Da mesma forma que concebe a natureza divina, santo Agostinho concebe a criação, idéia pouco tratada pelos gregos e característica dos cristãos. As coisas se originaram em Deus, que a partir do nada as criou. Pois o que muda e se move, o que é relativo e passa ou desaparece requer o imutável e o absoluto, essência do próprio Deus, que criou as coisas segundo modelos eternos como ele mesmo. Assim, o que o platonismo chamava de lugar do céu passa a ser, no pensamento agostiniano, a presença de Deus. Tudo o que existe no mundo foi criado ao mesmo tempo, em estado de germe e de semente. Como estes existem desde o início, a história do mundo evolui continuamente, mas nada de novo se cria. Entre os seres da criação existe uma hierarquia, em que o homem ocupa o segundo lugar, depois dos anjos.

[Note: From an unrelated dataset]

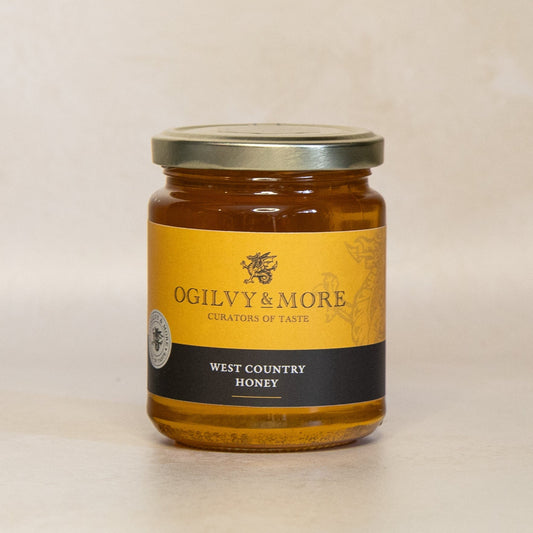 Jar of Ogilvy & More West Country Honey on a beige background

Santo Agostinho afirma-se incapaz de solucionar a questão da origem da alma e, embora tão influenciado por Platão, não acha a matéria por si mesma condenável, assim como não encara como castigo a união da alma com o corpo. Não seria este, como se disse tanto, a prisão da alma: o que faz do homem prisioneiro da matéria é o pecado, do qual deve libertar-se pela vida moral, pelas virtudes cristãs. O pecado leva o corpo a dominar a alma; a religião, porém, é o contrário do pecado, é a dominação do corpo pela alma, que se orienta livremente para Deus, assistida pela graça.
Uma das mais belas concepções de santo Agostinho é a da cidade de Deus. Amando-se uns aos outros no amor a Deus, os cristãos, embora vivam nas cidades temporais, constituem os habitantes da eterna cidade de Deus. Na aparência, ela se confunde com as outras, como o povo cristão com os outros povos, mas o sentido da história e sua razão de ser é a construção da cidade de Deus, em toda parte e todo tempo. A obra de santo Agostinho, em si mesma imensa, de extraordinária riqueza, antecipa, além disso, o cartesianismo e a filosofia da existência; funda a filosofia da história e domina todo o pensamento ocidental até o século XIII, quando dá lugar ao tomismo e à influência aristotélica. Voltando à cena com os teólogos protestantes (Lutero e, sobretudo, Calvino), hoje é um dos alicerces da teologia dialética. Santo Agostinho morreu em Hipona, em 28 de agosto de 430. E nessa data, 28 de agosto, é festejado como doutor da igreja.